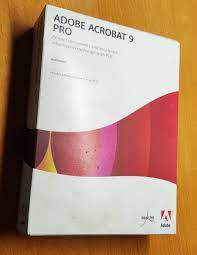 Adobe Acrobat 9 Pro Windows Genuine Perpetual 正版永久授權, 電腦＆科技, 電腦周邊及配件, 電腦軟件-  Carousell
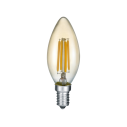 Żarówka ściemniana LED E14 4W 400lm 2700K 3,5cm bursztynowa 989-4790 Trio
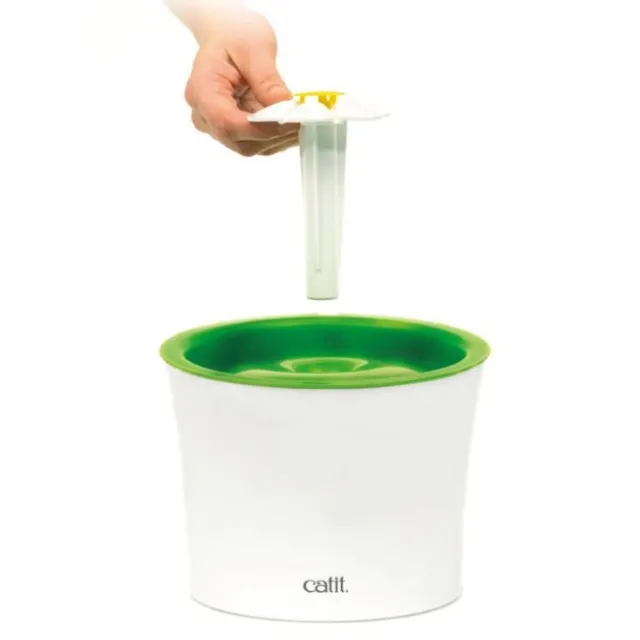 Catit 2.0 drikkefontene, blomst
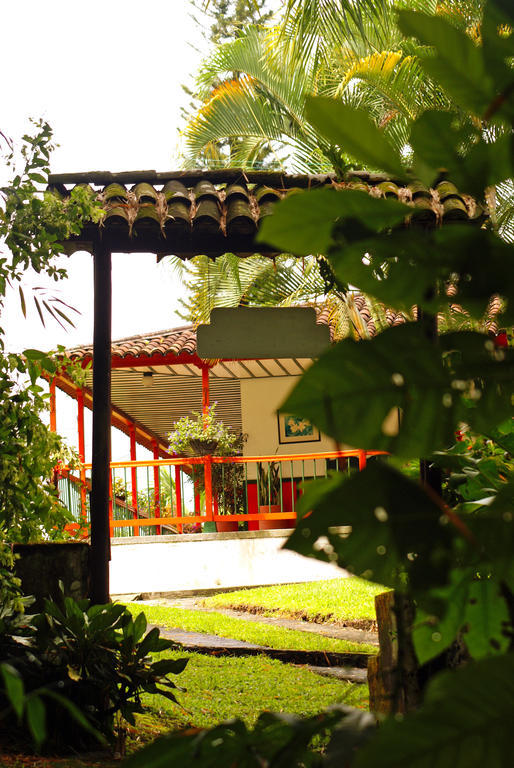 Hotel Campestre La Floresta Puerto Espejo Екстериор снимка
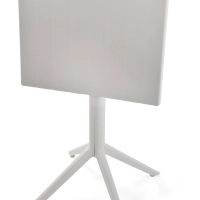 Kunststof opvouwbare outdoor hoge tafel - Moises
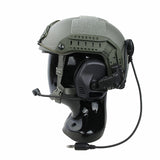 TMC RAC Headset Best Tactical Communication Aviation Noise Cancellation Headsets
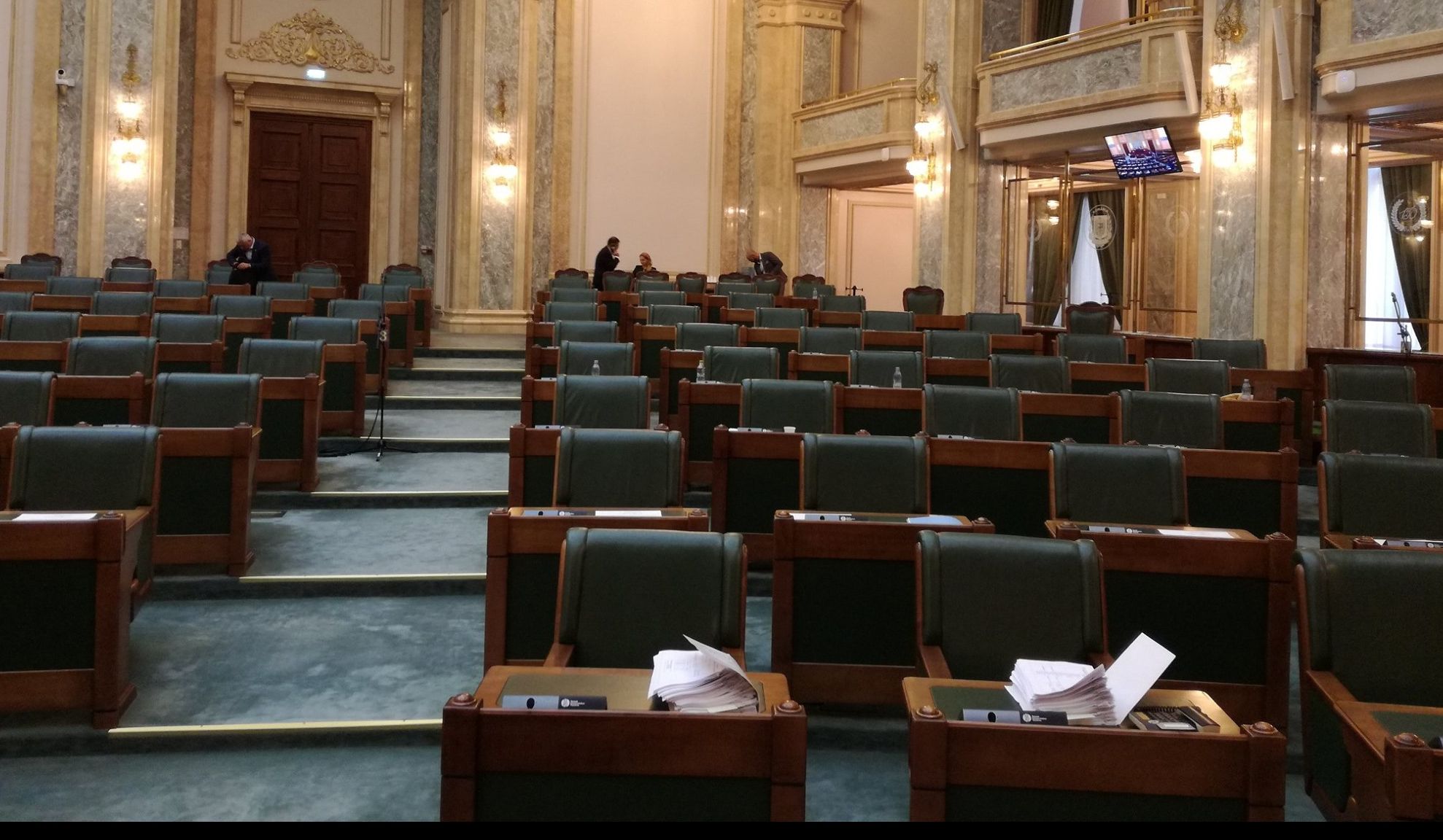 Dăncilă, acuzată că s-a dus la ”cumpărături” la Senat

◆ TASK GOAL
Excluding every picture, set down the listing exactly.

◆ THE COMPLETED TASK
 Adobe Acrobat 9 Pro Windows Genuine Perpetual 正版永久授權, 電腦＆科技, 電腦周邊及配件, 電腦軟件-  Carousell
 Żarówka ściemniana LED E14 4W 400lm 2700K 3,5cm bursztynowa 989-4790 Trio
 Catit 2.0 drikkefontene, blomst
 Hotel Campestre La Floresta Puerto Espejo Екстериор снимка
 Kunststof opvouwbare outdoor hoge tafel - Moises
 TMC RAC Headset Best Tactical Communication Aviation Noise Cancellation Headsets
 Dăncilă, acuzată că s-a dus la ”cumpărături” la Senat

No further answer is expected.